*TASK INSTRUCTIONS*
Look below for the line with "And when we" and the line with "Hi guys, today"; repeat exactly those two lines and all lines between them, but no pictures.

*ENTRIES SUPPLIED*
————————
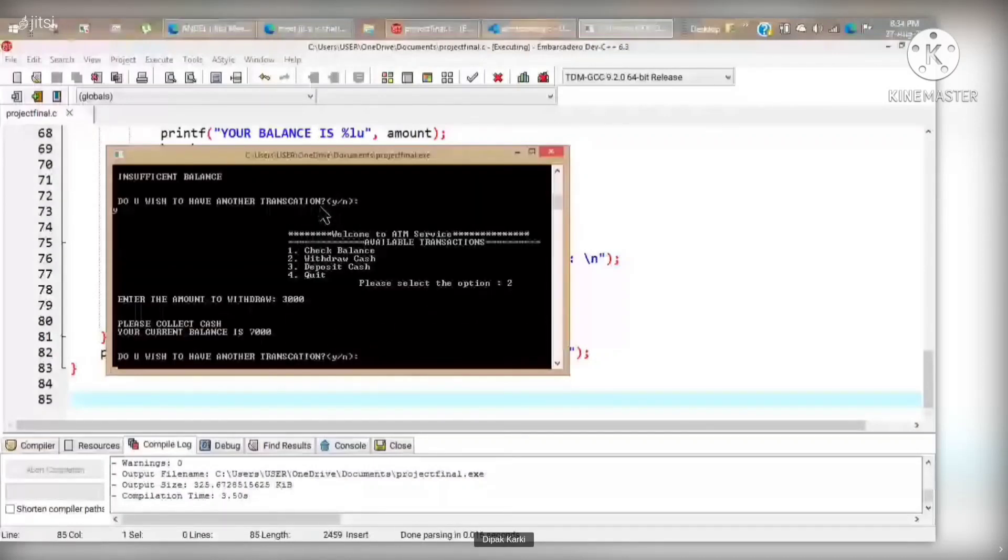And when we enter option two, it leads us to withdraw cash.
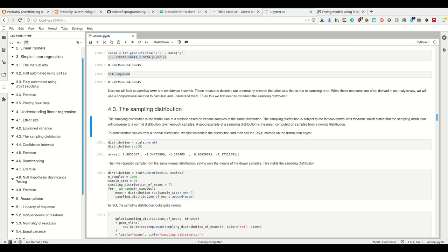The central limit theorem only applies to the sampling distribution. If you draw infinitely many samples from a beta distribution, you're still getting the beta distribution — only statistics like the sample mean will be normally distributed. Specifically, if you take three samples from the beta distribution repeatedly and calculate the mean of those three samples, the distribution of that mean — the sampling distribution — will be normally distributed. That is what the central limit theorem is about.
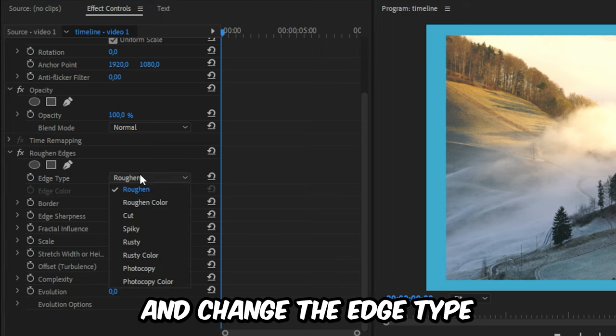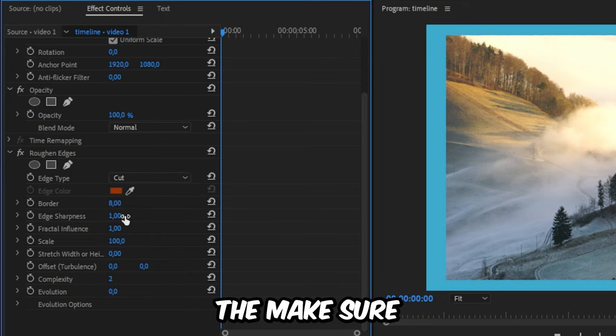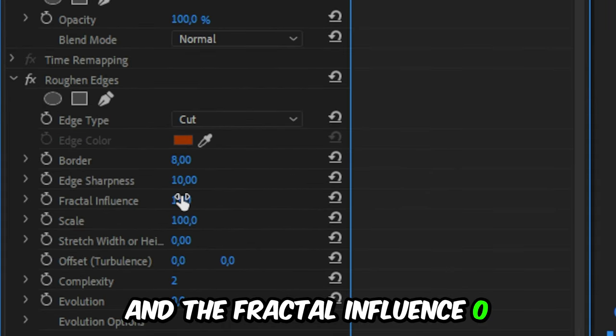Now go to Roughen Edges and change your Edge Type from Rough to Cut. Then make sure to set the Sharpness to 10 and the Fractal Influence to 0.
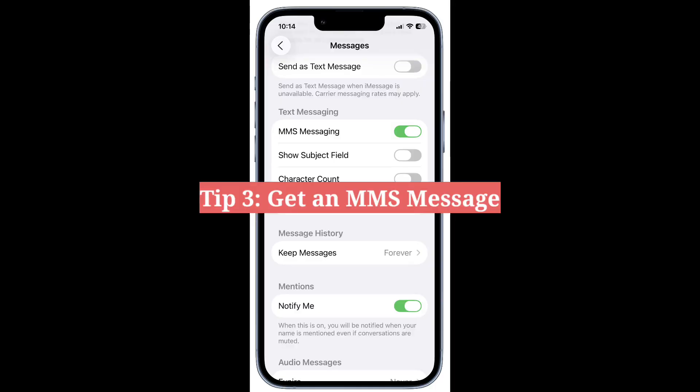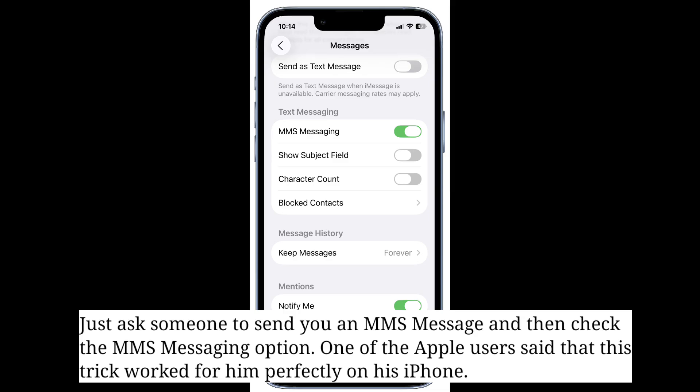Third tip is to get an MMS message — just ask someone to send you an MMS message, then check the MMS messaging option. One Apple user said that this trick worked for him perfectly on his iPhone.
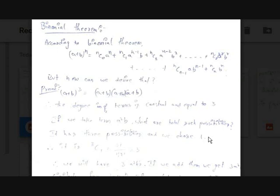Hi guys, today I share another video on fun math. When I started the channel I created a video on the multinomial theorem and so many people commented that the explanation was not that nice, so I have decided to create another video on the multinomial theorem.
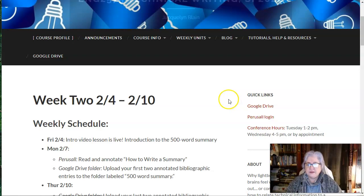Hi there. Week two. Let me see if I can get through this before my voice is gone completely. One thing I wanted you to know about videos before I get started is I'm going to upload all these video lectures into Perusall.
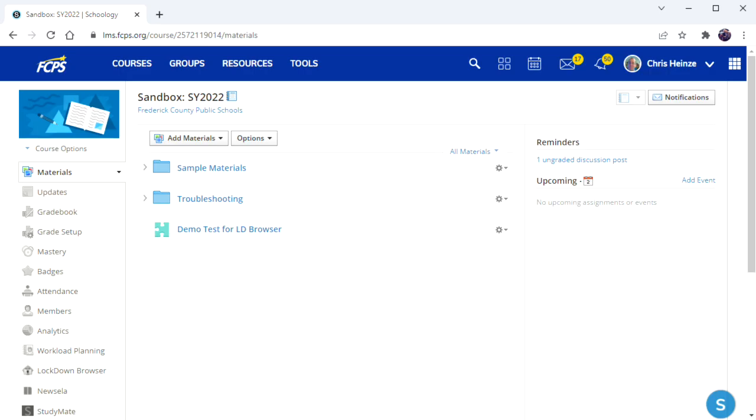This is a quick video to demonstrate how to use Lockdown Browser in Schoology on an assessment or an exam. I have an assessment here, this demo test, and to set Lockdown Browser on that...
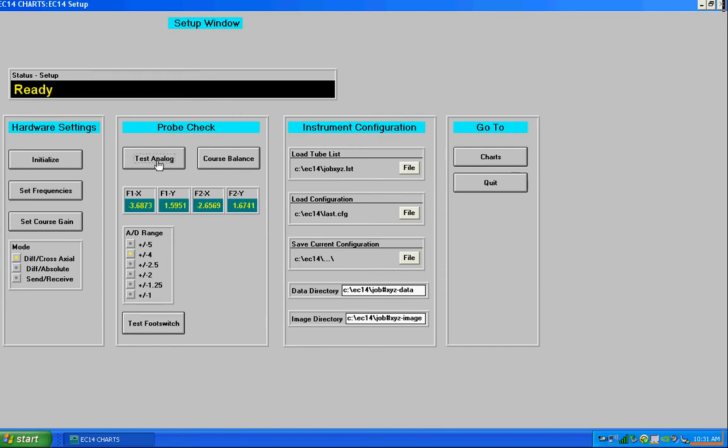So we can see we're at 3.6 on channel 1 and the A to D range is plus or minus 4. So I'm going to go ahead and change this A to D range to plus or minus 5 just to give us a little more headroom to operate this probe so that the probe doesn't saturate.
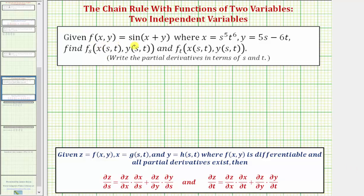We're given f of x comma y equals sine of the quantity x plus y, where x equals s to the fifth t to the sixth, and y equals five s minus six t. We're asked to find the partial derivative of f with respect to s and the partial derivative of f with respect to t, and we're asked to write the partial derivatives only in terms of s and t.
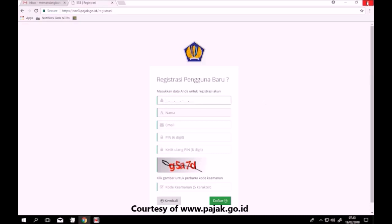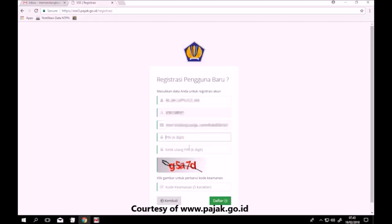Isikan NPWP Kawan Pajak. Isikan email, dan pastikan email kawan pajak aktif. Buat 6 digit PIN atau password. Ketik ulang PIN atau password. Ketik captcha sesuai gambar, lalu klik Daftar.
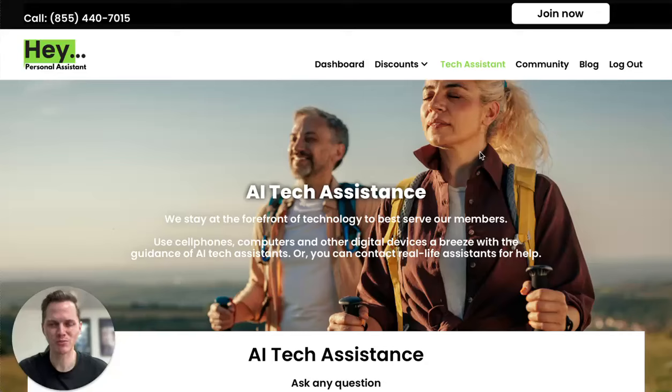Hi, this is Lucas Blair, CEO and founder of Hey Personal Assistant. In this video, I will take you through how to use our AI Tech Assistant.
————————
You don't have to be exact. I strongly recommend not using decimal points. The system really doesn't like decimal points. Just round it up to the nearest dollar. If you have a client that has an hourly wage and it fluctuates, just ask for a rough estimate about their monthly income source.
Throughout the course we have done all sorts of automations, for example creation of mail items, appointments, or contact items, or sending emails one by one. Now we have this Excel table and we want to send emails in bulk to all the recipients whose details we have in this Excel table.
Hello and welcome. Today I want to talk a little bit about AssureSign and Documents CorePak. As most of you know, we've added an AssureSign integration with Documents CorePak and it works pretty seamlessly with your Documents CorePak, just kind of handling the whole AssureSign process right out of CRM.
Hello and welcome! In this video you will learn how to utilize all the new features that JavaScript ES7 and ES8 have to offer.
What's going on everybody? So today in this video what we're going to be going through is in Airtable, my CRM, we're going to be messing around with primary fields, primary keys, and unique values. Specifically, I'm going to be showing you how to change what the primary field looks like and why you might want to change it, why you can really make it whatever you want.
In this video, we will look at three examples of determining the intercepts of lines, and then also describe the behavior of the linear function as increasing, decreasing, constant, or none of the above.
————————
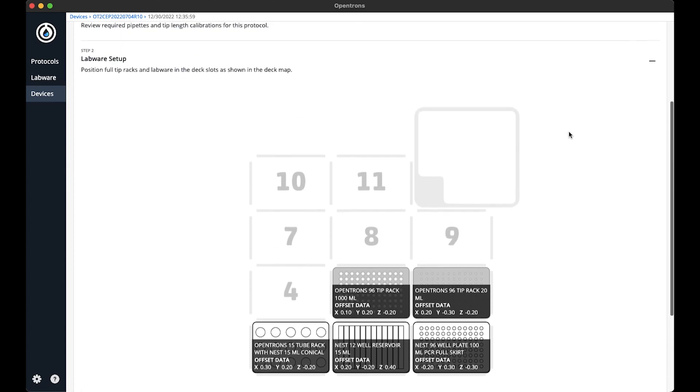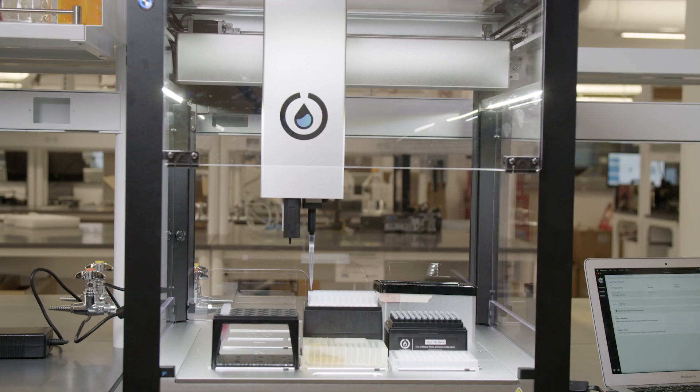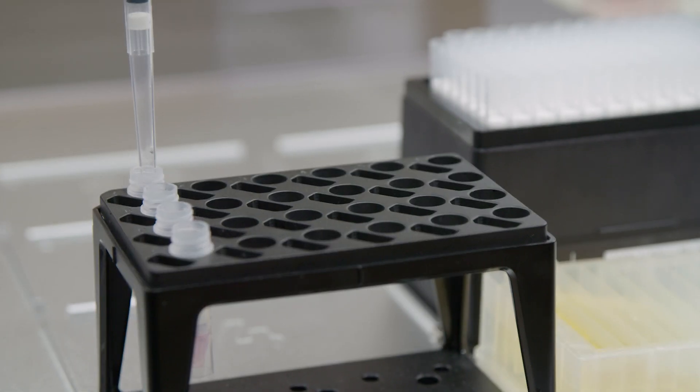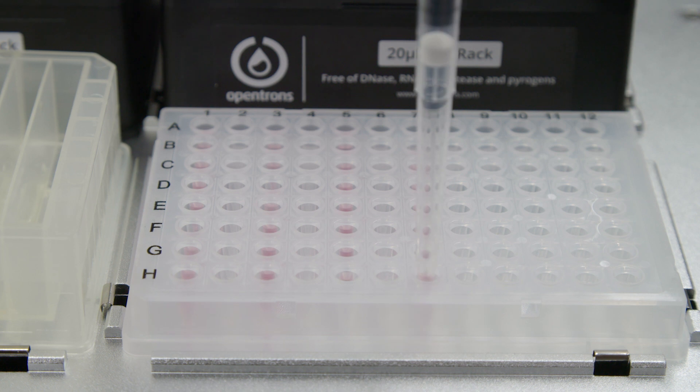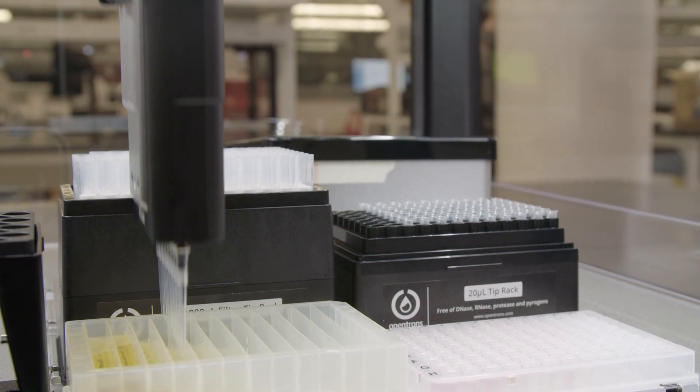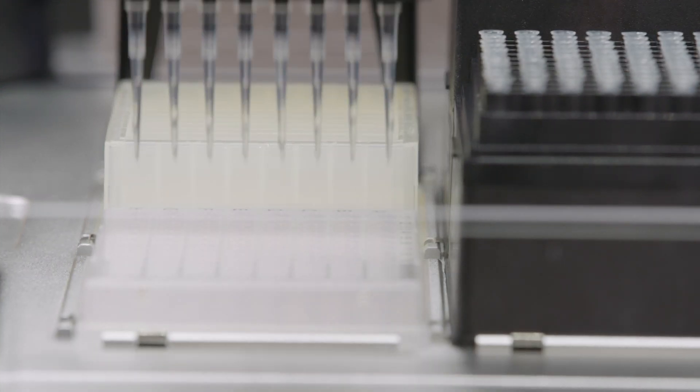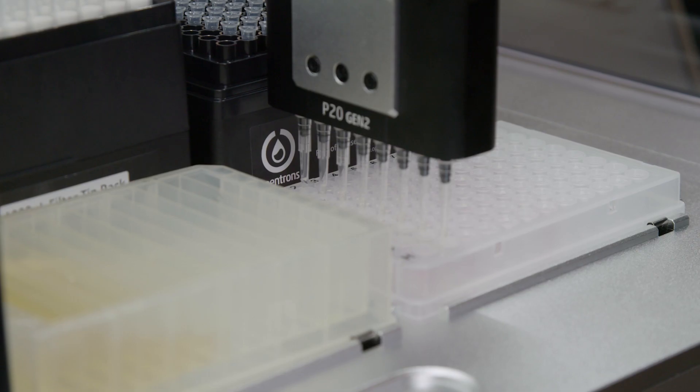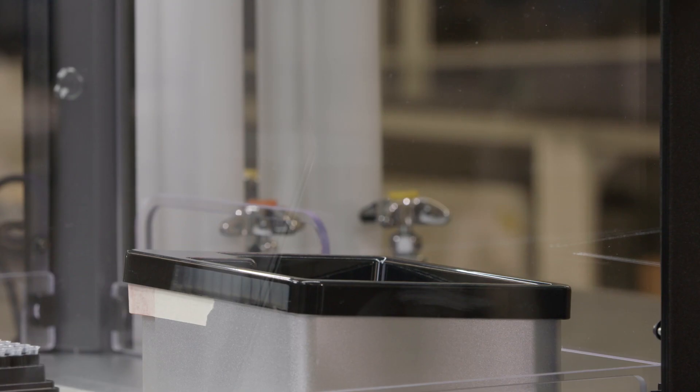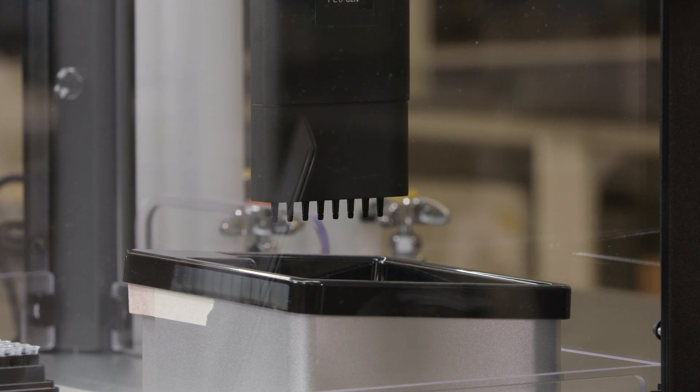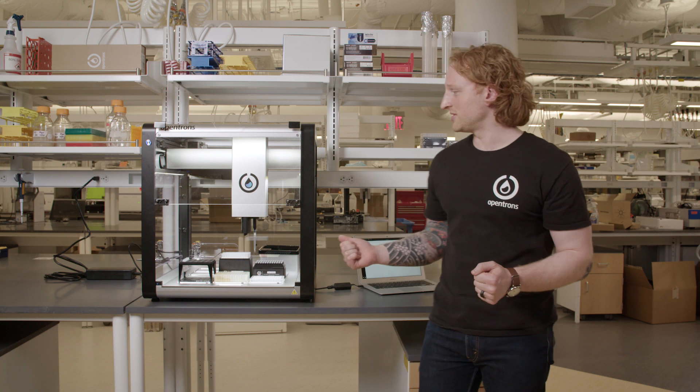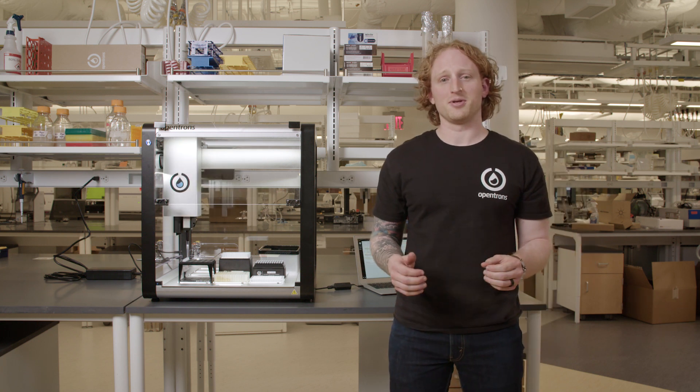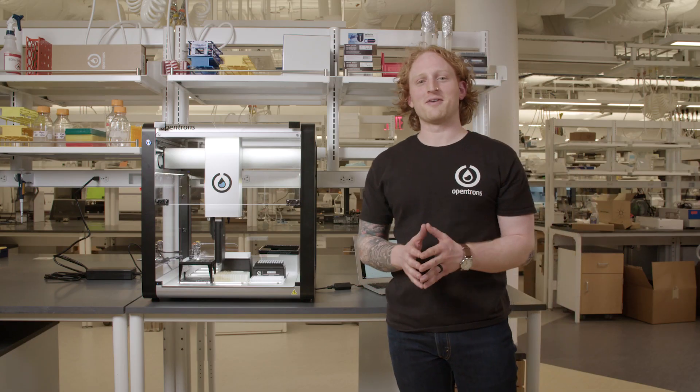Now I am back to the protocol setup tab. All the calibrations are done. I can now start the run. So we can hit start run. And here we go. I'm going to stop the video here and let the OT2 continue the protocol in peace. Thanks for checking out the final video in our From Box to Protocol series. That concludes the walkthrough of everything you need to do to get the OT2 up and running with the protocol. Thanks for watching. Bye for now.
————————
*PROBLEM SOLUTION*
And when we enter option two, it leads us to withdraw cash.
The central limit theorem only applies to the sampling distribution. If you draw infinitely many samples from a beta distribution, you're still getting the beta distribution — only statistics like the sample mean will be normally distributed. Specifically, if you take three samples from the beta distribution repeatedly and calculate the mean of those three samples, the distribution of that mean — the sampling distribution — will be normally distributed. That is what the central limit theorem is about.
Now go to Roughen Edges and change your Edge Type from Rough to Cut. Then make sure to set the Sharpness to 10 and the Fractal Influence to 0.
Third tip is to get an MMS message — just ask someone to send you an MMS message, then check the MMS messaging option. One Apple user said that this trick worked for him perfectly on his iPhone.
Hi guys, today I share another video on fun math. When I started the channel I created a video on the multinomial theorem and so many people commented that the explanation was not that nice, so I have decided to create another video on the multinomial theorem.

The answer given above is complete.